Au premier siècle de notre ère, l’historien juif Josèphe utilisa ce mot (asélgéïa) à propos de la reine Jézabel qui dressa un autel pour Baal à Jérusalem. C’était un outrage choquant, un acte qui bafouait impudemment l’opinion publique et la décence.
On trouve dans les Écritures grecques chrétiennes un emploi du mot asélgéïa semblable à celui qui en est fait dans les écrits profanes.
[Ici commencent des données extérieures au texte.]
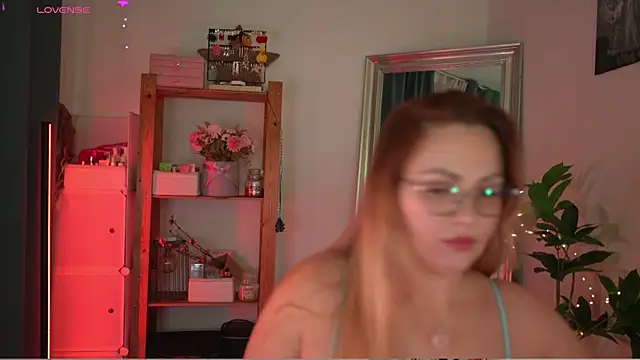 marrygrayes online show from 10-15-25, 07:03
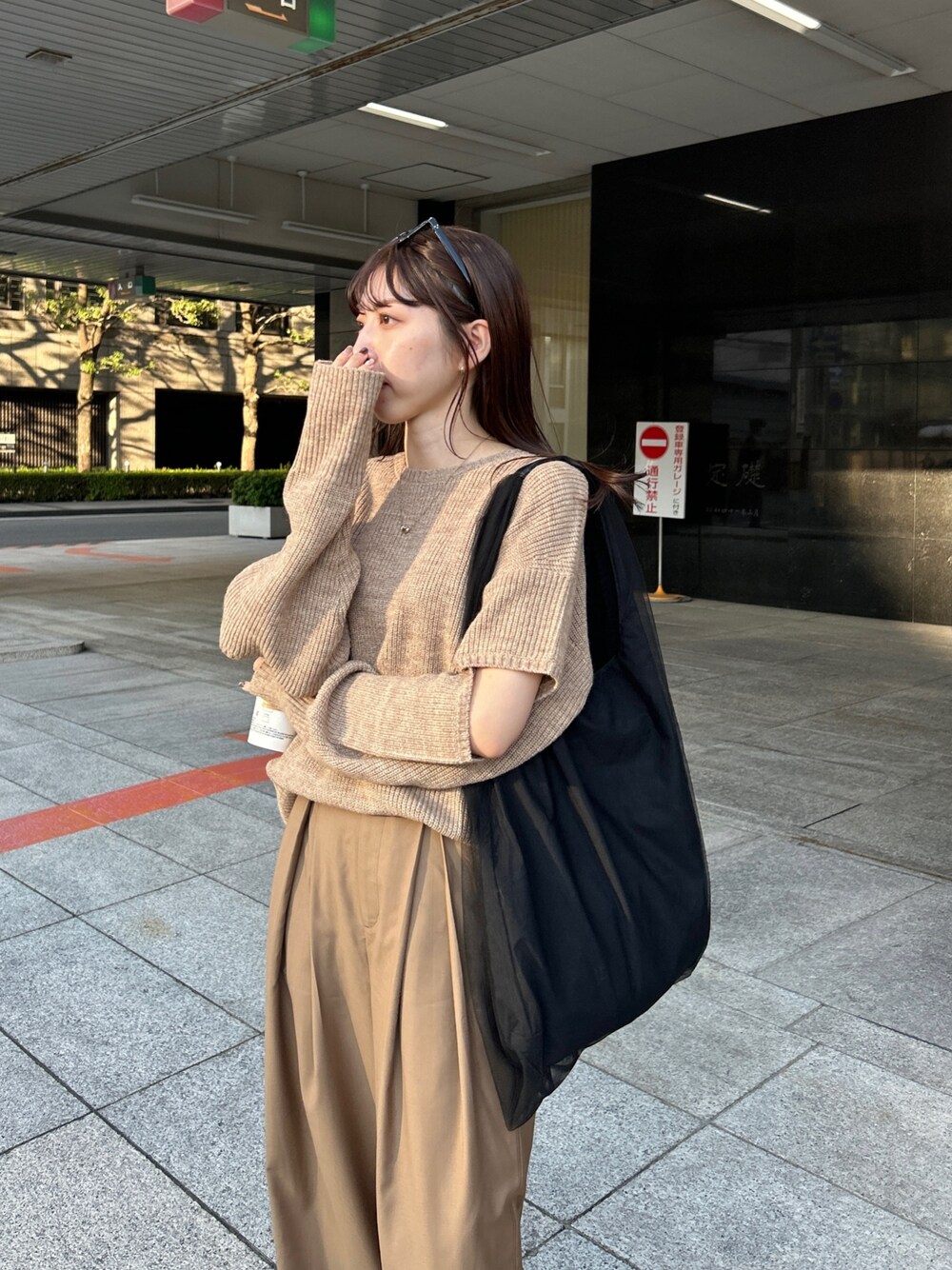 「ファッションを楽しもう、淡色コーデ、ブーツ、ビッグシルエット、お出かけコーデ、スリット、ワイドパンツ、ニット、ベージュ、オトナ女子、大人カジュアル」｜「CAPRICIEUX LE'MAGEのホールスリーブニット（ニット/セーター、ベージュ系）」を使った、mana_lemageさん（レディース・161cm）の秋コーディネートの3枚目の写真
Par exemple, l’apôtre Paul parle des gens des nations et dit qu’à cause de “l’insensibilité de leur cœur” ils ont “perdu tout sens moral [et] se sont livrés à l’inconduite [asélgéïa] pour pratiquer avec avidité toute sorte d’impureté”. (Éph. 4:17-19, NW.) L’apôtre Pierre associe aselgéïa aux pratiques des nations telles que “les convoitises, les excès de vin, les orgies, les soûleries et les idolâtries illicites”. (I Pierre 4:3, 4, NW.) Parlant de Lot, qui était affligé par les actes des habitants de Sodome, l’apôtre souligne leur “conduite débauchée”, ‘bravant la loi’. Il compare certains hommes de son époque aux habitants de Sodome disant qu’ils sont “audacieux, obstinés”, qu’ils “méprisent la seigneurie”, ne craignant pas de ‘parler en mal des glorieux’, et qu’ils profèrent des “paroles pompeuses et inutiles”. (II Pierre 2:7-10, 18, NW.) Toutes ces expressions expriment bien le sens du mot asélgéïa qui désigne une conduite honteuse et impudente.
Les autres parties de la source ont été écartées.